We just don't have them here in the UK. I can testify though of consistent training being the real key for training dogs not to pull. I've had three goldens in all now, all of them big dogs(have 2 at the moment), who are a joy to walk, even a small child could hold them under supervision as they just don't pull. More often than not they will walk alongside me or behind if we're on a narrow path. I may have some puppies with Izzie next year of which may keep one and would have no hesitation in training it the same way. The use of special leads/collars etc may help you to control the dog but in the long term do not solve the problem in my opinion.


----------



## tintallie

My golden retriever is as stubborn as they come. I've had him in group (clicker) and private obedience training, and wasn't surprised when the trainer said that my dog was "sassy" and had a lot of attitude.

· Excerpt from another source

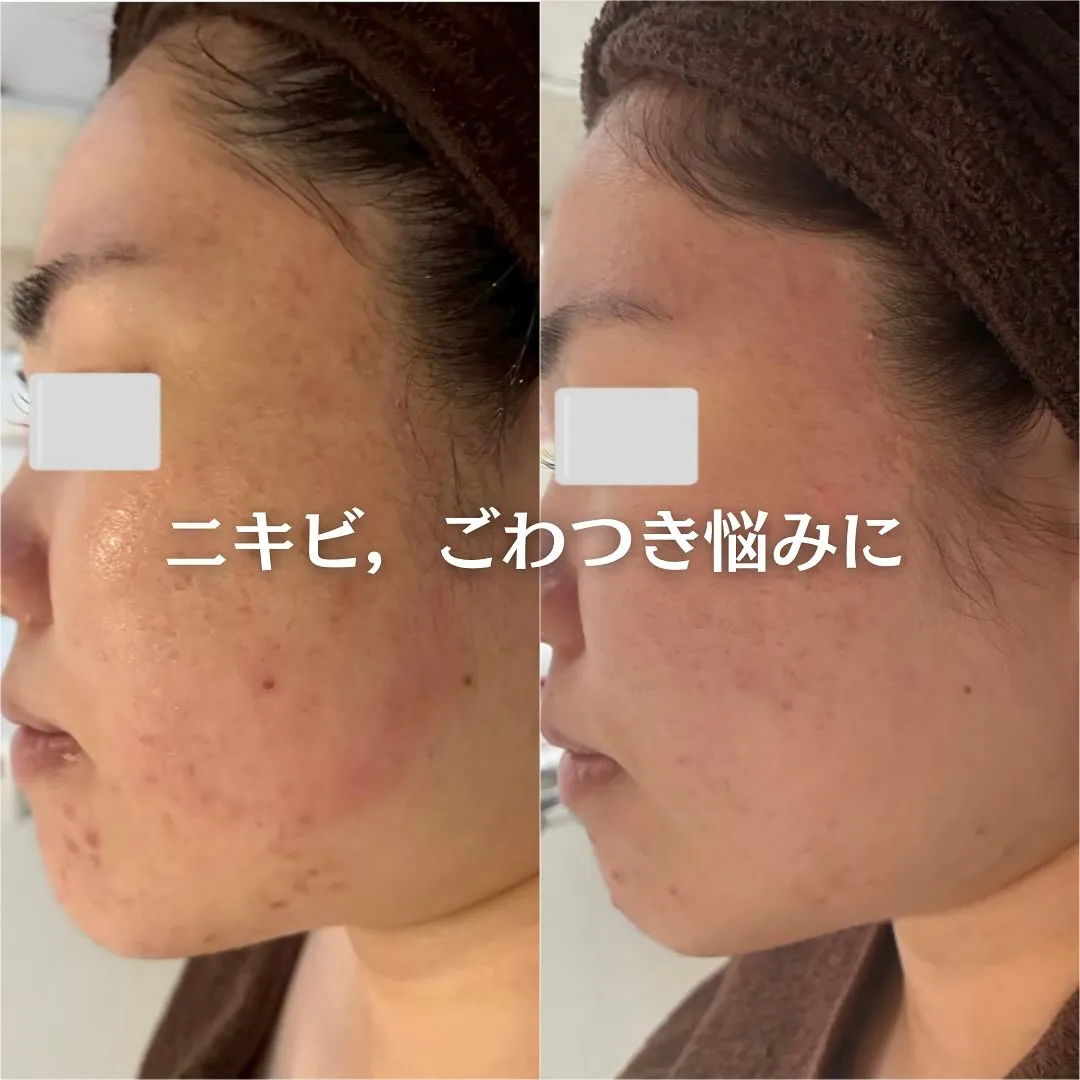 太田市にある頑固なニキビ専門店です✨️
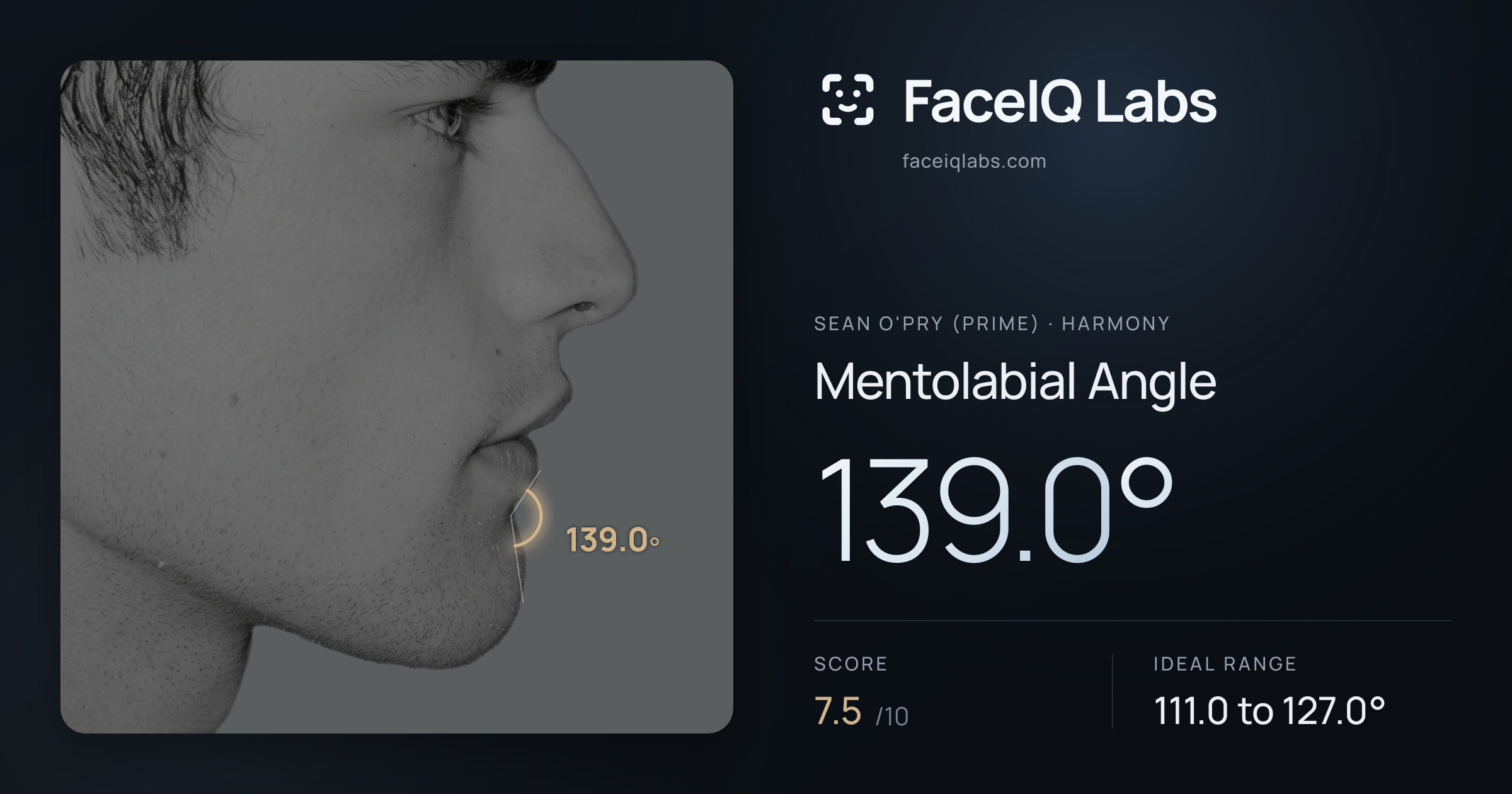 Sean O'Pry (Prime) Mentolabial Angle: 139.0°, drawn on the photo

Stopping like a tree and continuing when they let the leash go slack never worked on him as he would stop and sit or stand calmly before proceeding on the walk like a tornado. 

The prong collar is a useful tool when paired with the obedience training and I've had people complement both Wiggs and I about how well behaved he is. This INCLUDES when I was at a dog show shopping at a bookstore table owned by a clicker trainer. She was clearly impressed by his down stay despite all the dogs and people passing by. DH gladly piped up that it's because of obedience training on the prong collar. When I got home, I realized where I had seen the clicker trainer before. She was the one that did the introduction sessions on what a clicker was and how it was used for marking a desired behaviour at that school I had taken Wiggs to. Well the clicker trainers at this school had no idea how to handle a dog who kicked it up into high gear in prey drive when the fans inside were blowing around dandelions fluffs and debris on a hot day!!


----------



## Barbara & Vinnie

Kimm said:


> I wonder if one of the posters had the prong collar mixed up with the choke chain or collar.


That would be me... :wave: I thought the prong collar was a choke chain. It was the choke chain I was referring to. Must say that I dislike the prong even more, although I have never tested it on my arm as one of the posters suggests.... 

I have read quite a bit about the natural behaviour of wolves with regard to dogtraining (training accoording to the "wolvepack" method). And one of the insights/idea's of this trainingmethode is that the motherdog/motherwolf hardly ever bites the pup in it's neck to correct it, so that trainingmethodes based on that assumption are thought to be incorrect. Another remark was btw that dogs/wolves in the wild aren't corrected that much anyway... as they don't have to learn to walk on a leash, etc... :roflmao:

Either way, here in the Netherlands neither prongs nor choke chains are recommened widely. At most puppy- and obediencecourses they are even prohibited. It seems the opinions on either side of the ocean differs...

We have used a harness similar to the SENSIble harness (that is if the leash is attached on the front of the chest). It works wonderfull and without harming the dog. I would much prefer this harness with any dog, any time, to a prong or choke chain. 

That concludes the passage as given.